Driving from Ontario to Manitoba

Ontario and Manitoba share a land border that appears to be at least 500 miles long, yet it also appears that there is exactly one road connecting the two provinces, Canada’s Highway 1.

Is there any other way to motor directly from Ontario to Manitoba or vice-versa? Assuming using surface roads and not railroad tracks, hiking trails and so forth.

Well as far as Google Maps and Microsoft Streets and Tips, there is no other road but Rt 1. A fairly amazing fact, but isn’t most of that border in Tundra?
Microsoft shows small roads 304 & 314 through Wadhope, but nothing that goes across the border and indeed no towns in Ontario near the border north of Malachi. The entire area is so riddled with lakes and streams that I would WAG that Boats, Skis, Dog Sleds and small planes are the travel means of choice.
It looks like dropping into the US must be a common means of heading west.

Jim

No, if by “directly” you mean “Without going through the United States.” Most of northern Ontario above the towns along highways 11 and 17 is wilderness. There are spots up there my company does business at where the only way to get in is by floatplane. The most northernly town connected to the rest of the road system by a reliable highway is, I think, Pickle Lake. And there’s hundreds more miles of Ontario north of that. And let me tell you, those roads are not exactly I-90. Fill up on gas and bring a survival kit.
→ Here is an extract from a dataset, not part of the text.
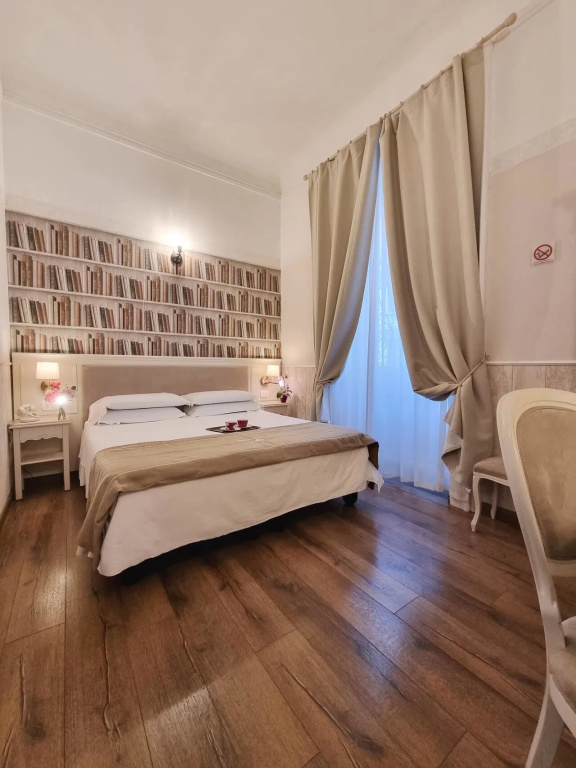 Double room (full double bed)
Between any point in Ontario within a few hours’ drive of Highway 401 or 402 - or, for that matter, any point in Canada east of Ontario, if you want to go for a REALLY long drive - the fastest way to get to, say, Winnipeg, Manitoba is to cross the border at Sarnia, take I-69 past Lansing and then onto Chicago via I-90 and -94, and continue on 94 right past the Twin Cities and hook up with I-29 at Fargo, which leads directly to Manitoba. And that’s a long drive. It would be a longer drive from Kingston, Ontario to Winnipeg as it would be to drive from Kingston to Orlando, Florida.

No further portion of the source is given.